Pour une reconnaissance mondiale
Très rapidement après leur découverte, les villages littoraux, ou palafittes comme on les nomme aussi aujourd'hui, sont devenus une particularité du territoire suisse, même si peu de temps après ce type de vestiges est aussi signalé dans les autres pays autour des Alpes, tout d'abord en Allemagne, puis en Italie, en France et enfin en Autriche et en Slovénie. C'est donc en toute logique et responsabilité que l'Office fédéral de la culture a vivement soutenu dès 2004 le projet de déposer une demande d'inscription au patrimoine mondial de ces monuments exceptionnels mais très fragiles, autant pour mieux les préserver que pour mieux les faire connaître et comprendre.
Une vision romantique dépassée
La popularité des sites littoraux dès leur découverte a pourtant constitué un handicap pour leur étude et interprétation. Leur récupération identitaire, politique, mais aussi artistique, a très tôt figé le modèle des "cités lacustres" dans une image romantique et simpliste. Il faudra aux archéologues qui étudient ces sites préhistoriques des dizaines d'années pour tenter de rectifier et remplacer par une interprétation plus réaliste cette image devenue un mythe (Lacustres).
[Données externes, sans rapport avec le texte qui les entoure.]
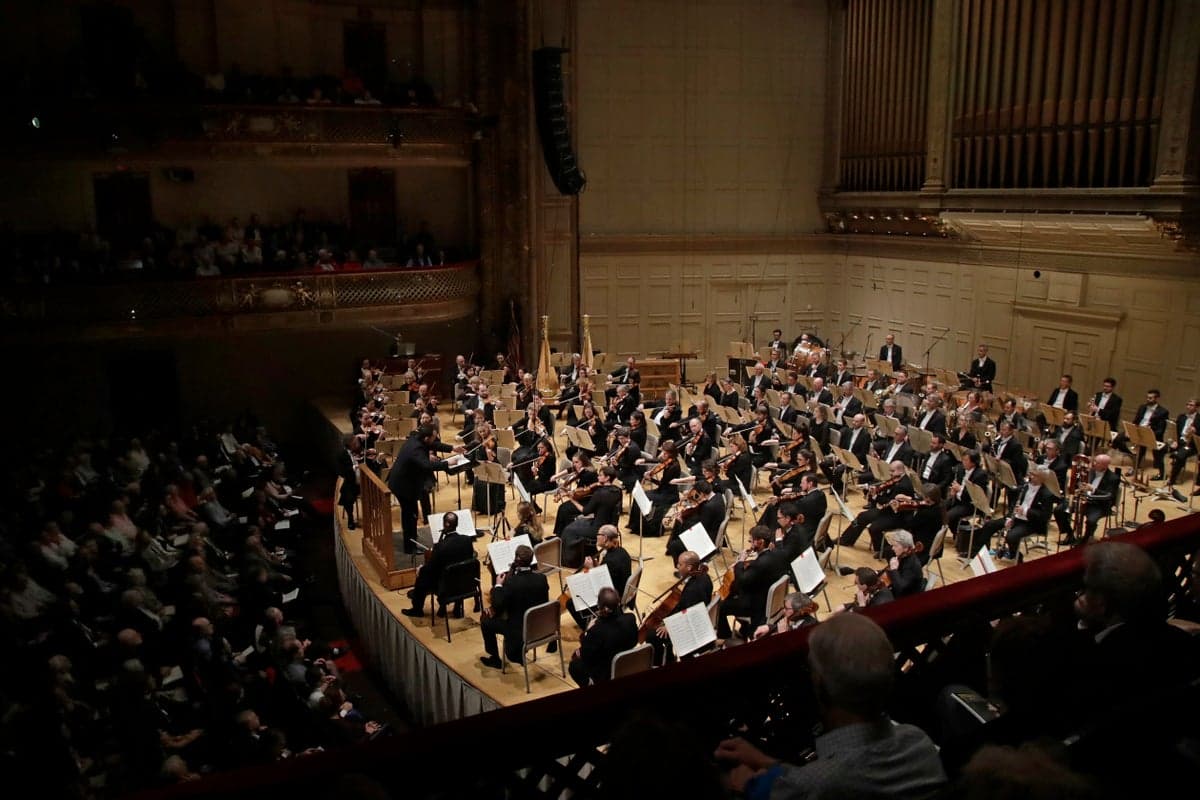 Boston Symphony Orchestra musicians vote to authorize first strike in 145 years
Protéger des témoins fragiles
Aujourd'hui, grâce à leur inscription au patrimoine mondial de l'Unesco, les conditions légales de conservation de ces vestiges du Néolithique et de l'âge du Bronze sont assurées pour l'avenir. Les menaces qui pèsent sur ces archives de bois, de matières organiques et de sédiments témoignant des quelques millénaires d'occupation des bords de nos lacs ou de nos marais n'ont pas disparu pour autant. Or, la meilleure garantie de pouvoir conserver un site archéologique peu visible et menacé, à la fois par des atteintes humaines et naturelles, est d'en approfondir la connaissance et d'en diffuser les résultats de recherche. C'est la mission à laquelle s'attachent les archéologues et les préhistoriens et préhistoriennes de Suisse, mais aussi des cinq autres pays alpins associés à cette inscription.
Le DHS comme passeur
La mise en ligne par le Dictionnaire historique de la Suisse d'articles et d'informations précises et actualisées sur les villages palafittiques inscrits à l'Unesco contribue grandement à la présentation des connaissances sur ces sites exceptionnels. Nous ne pouvons que nous réjouir de cette initiative et de sa poursuite prévue pour l'ensemble des sites littoraux de Suisse. Outil d'information destiné aux spécialistes aussi bien qu'à un large public, cette publication en ligne participe à la préservation de ces archives enfouies sous les eaux de nos lacs et dans les sédiments de nos marais.